NOTES TO CONSOLIDATED FINANCIAL STATEMENTS
(Unaudited)
A. The accompanying unaudited condensed consolidated financial
statements have been prepared in accordance with the
instructions to Form 10-QSB and, accordingly, do not include
all information and footnotes required by generally accepted
accounting principles for complete financial statements. In
the opinion of management all adjustments, consisting only
of normal recurring accruals, considered necessary for a
fair presentation have been included.
B. These statements should be read in conjunction with the
financial statements and footnotes included in the
Registrant's Annual Report on Form 10-KSB for the year ended
June 30, 1996, previously filed with the Commission.
C. The results of operations for the nine months ended March
31, 1997, are not necessarily indicative of operating
results to be expected for the full year.

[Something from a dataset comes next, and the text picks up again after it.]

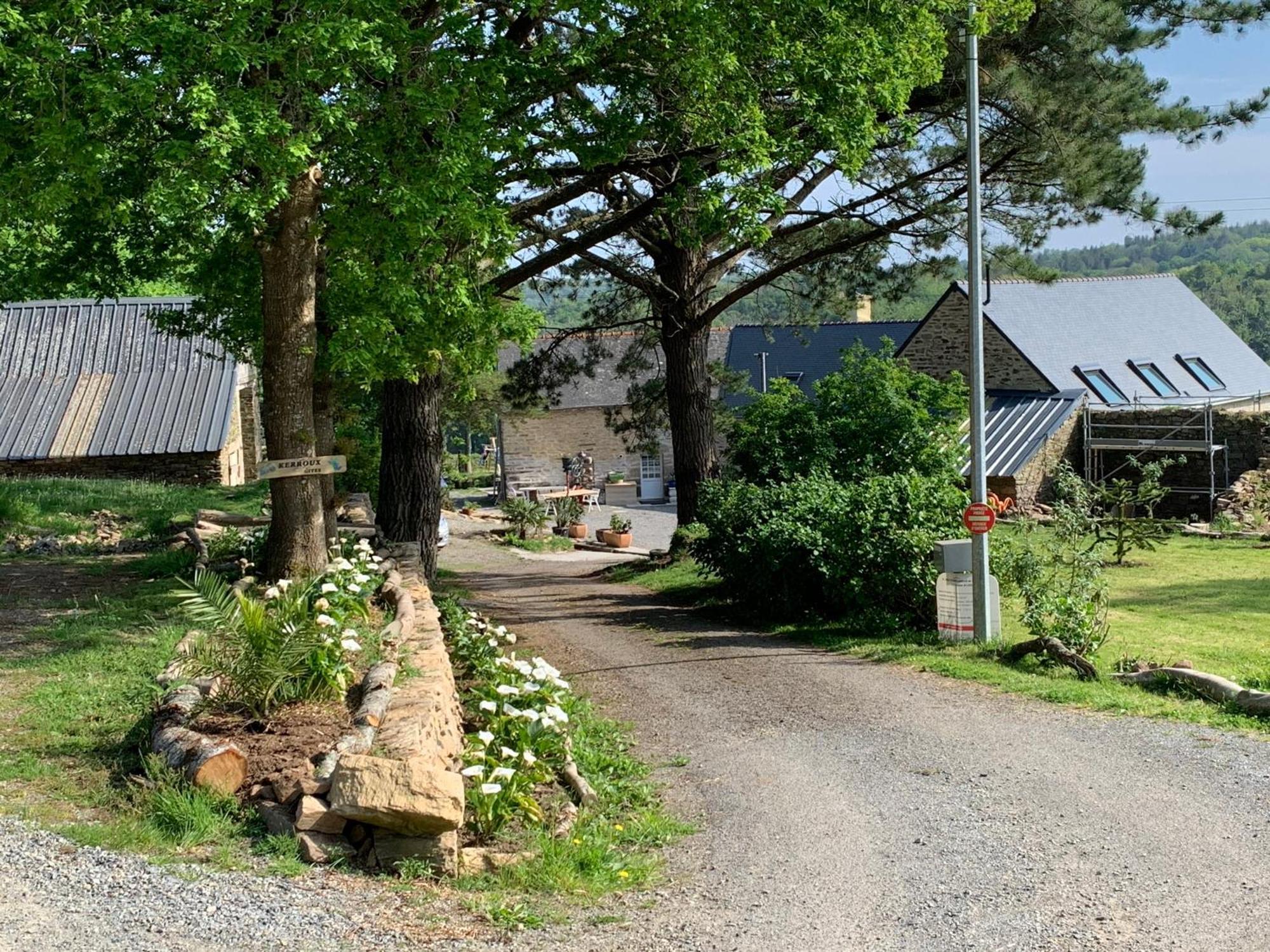Kerrouz Hotel Bannalec Eksteriør billede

D. Income tax provisions for interim periods are based on the
current best estimate of the effective federal and state
income tax rates spread evenly throughout the year.
E. Earnings per common share are based on the weighted average
number of common shares outstanding during each period.

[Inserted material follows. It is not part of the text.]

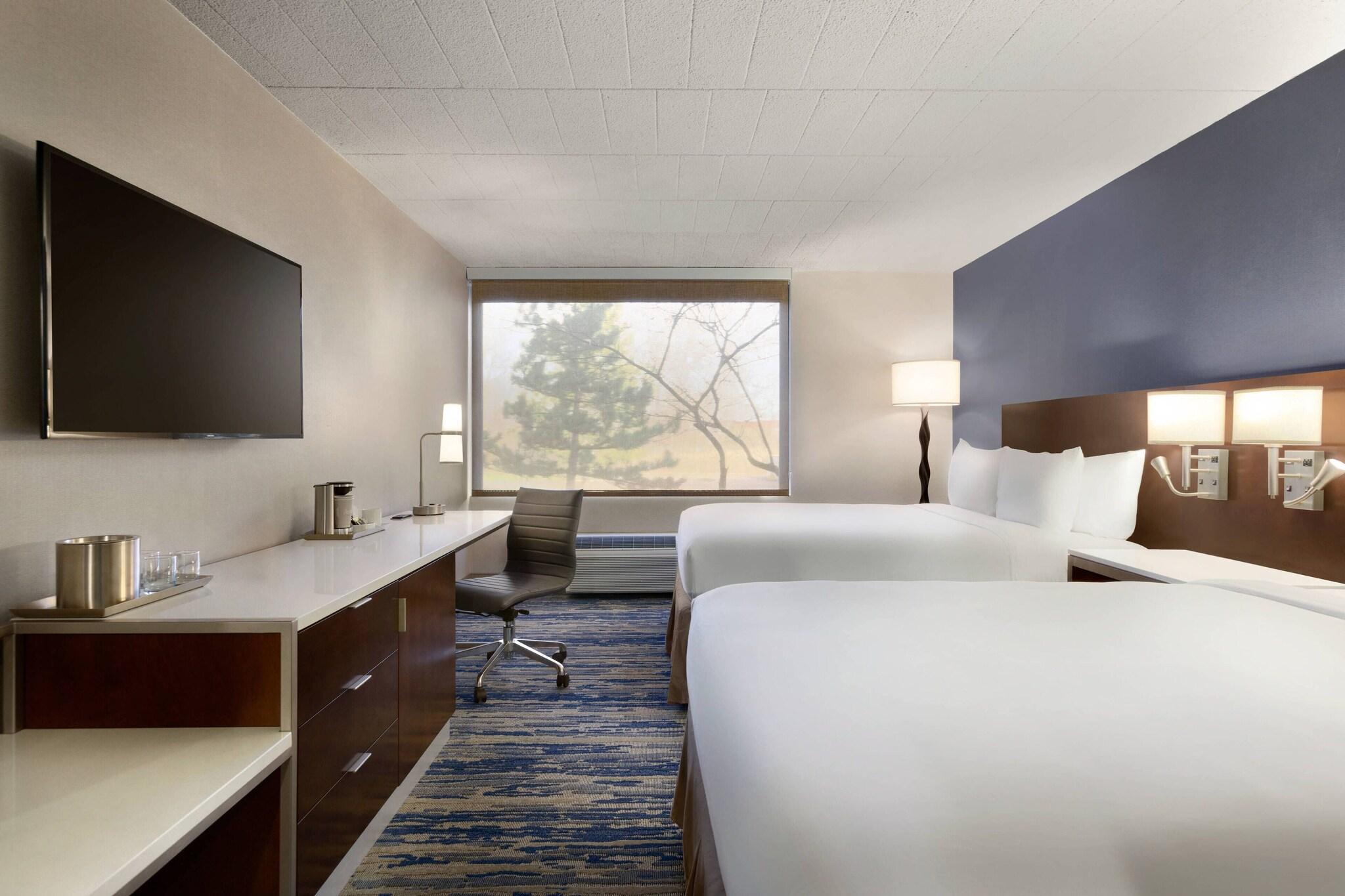skyline hotel detroit airport surestay collection by bw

PART I - FINANCIAL INFORMATION FORM 10-QSB
ITEM 2 - MANAGEMENT DISCUSSION AND ANALYSIS OF
FINANCIAL CONDITION AND RESULTS OF OPERATIONS
OAKRIDGE HOLDINGS, INC.
FINANCIAL & LIQUIDITY AND CAPITAL RESOURCES
Since June 30, 1996 "operating working capital" (defined as
receivables and prepaids less accounts payable and accrued
liabilities, except for deferred revenue) increased $34,418.
Lower receivables and other assets were more than offset by lower
accounts payable and accrued salaries for the increase. The
company showed a slight decrease in accounts receivable due to
decreased sales in internment fees and auxiliary related items.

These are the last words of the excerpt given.